Task
From first line to last, copy the material below exactly.

Data provided
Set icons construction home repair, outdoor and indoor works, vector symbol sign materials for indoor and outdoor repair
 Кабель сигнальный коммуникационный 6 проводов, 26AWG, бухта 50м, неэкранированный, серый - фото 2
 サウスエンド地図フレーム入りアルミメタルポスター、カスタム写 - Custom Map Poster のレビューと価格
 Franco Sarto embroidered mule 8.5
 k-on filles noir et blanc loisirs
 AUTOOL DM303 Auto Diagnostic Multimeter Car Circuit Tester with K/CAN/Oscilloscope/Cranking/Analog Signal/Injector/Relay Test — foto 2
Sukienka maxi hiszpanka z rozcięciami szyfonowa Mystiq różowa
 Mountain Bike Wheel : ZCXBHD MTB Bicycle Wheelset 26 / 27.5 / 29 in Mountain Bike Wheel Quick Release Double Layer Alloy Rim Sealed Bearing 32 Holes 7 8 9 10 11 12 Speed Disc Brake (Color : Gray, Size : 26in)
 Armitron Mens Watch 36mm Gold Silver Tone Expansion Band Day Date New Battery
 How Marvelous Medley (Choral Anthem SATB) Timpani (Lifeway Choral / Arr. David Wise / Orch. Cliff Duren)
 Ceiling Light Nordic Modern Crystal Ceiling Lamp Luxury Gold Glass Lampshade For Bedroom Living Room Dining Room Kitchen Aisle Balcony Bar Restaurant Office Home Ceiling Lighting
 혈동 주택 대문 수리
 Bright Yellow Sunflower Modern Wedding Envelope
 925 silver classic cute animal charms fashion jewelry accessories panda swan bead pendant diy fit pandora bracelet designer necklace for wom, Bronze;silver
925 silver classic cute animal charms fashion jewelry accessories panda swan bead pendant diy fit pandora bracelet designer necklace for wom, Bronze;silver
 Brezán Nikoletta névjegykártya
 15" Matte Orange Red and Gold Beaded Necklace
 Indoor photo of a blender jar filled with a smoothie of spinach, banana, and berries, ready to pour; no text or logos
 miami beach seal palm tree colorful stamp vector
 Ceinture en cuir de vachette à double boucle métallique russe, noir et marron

Solution
Set icons construction home repair, outdoor and indoor works, vector symbol sign materials for indoor and outdoor repair
 Кабель сигнальный коммуникационный 6 проводов, 26AWG, бухта 50м, неэкранированный, серый - фото 2
 サウスエンド地図フレーム入りアルミメタルポスター、カスタム写 - Custom Map Poster のレビューと価格
 Franco Sarto embroidered mule 8.5
 k-on filles noir et blanc loisirs
 AUTOOL DM303 Auto Diagnostic Multimeter Car Circuit Tester with K/CAN/Oscilloscope/Cranking/Analog Signal/Injector/Relay Test — foto 2
Sukienka maxi hiszpanka z rozcięciami szyfonowa Mystiq różowa
 Mountain Bike Wheel : ZCXBHD MTB Bicycle Wheelset 26 / 27.5 / 29 in Mountain Bike Wheel Quick Release Double Layer Alloy Rim Sealed Bearing 32 Holes 7 8 9 10 11 12 Speed Disc Brake (Color : Gray, Size : 26in)
 Armitron Mens Watch 36mm Gold Silver Tone Expansion Band Day Date New Battery
 How Marvelous Medley (Choral Anthem SATB) Timpani (Lifeway Choral / Arr. David Wise / Orch. Cliff Duren)
 Ceiling Light Nordic Modern Crystal Ceiling Lamp Luxury Gold Glass Lampshade For Bedroom Living Room Dining Room Kitchen Aisle Balcony Bar Restaurant Office Home Ceiling Lighting
 혈동 주택 대문 수리
 Bright Yellow Sunflower Modern Wedding Envelope
 925 silver classic cute animal charms fashion jewelry accessories panda swan bead pendant diy fit pandora bracelet designer necklace for wom, Bronze;silver
925 silver classic cute animal charms fashion jewelry accessories panda swan bead pendant diy fit pandora bracelet designer necklace for wom, Bronze;silver
 Brezán Nikoletta névjegykártya
 15" Matte Orange Red and Gold Beaded Necklace
 Indoor photo of a blender jar filled with a smoothie of spinach, banana, and berries, ready to pour; no text or logos
 miami beach seal palm tree colorful stamp vector
 Ceinture en cuir de vachette à double boucle métallique russe, noir et marron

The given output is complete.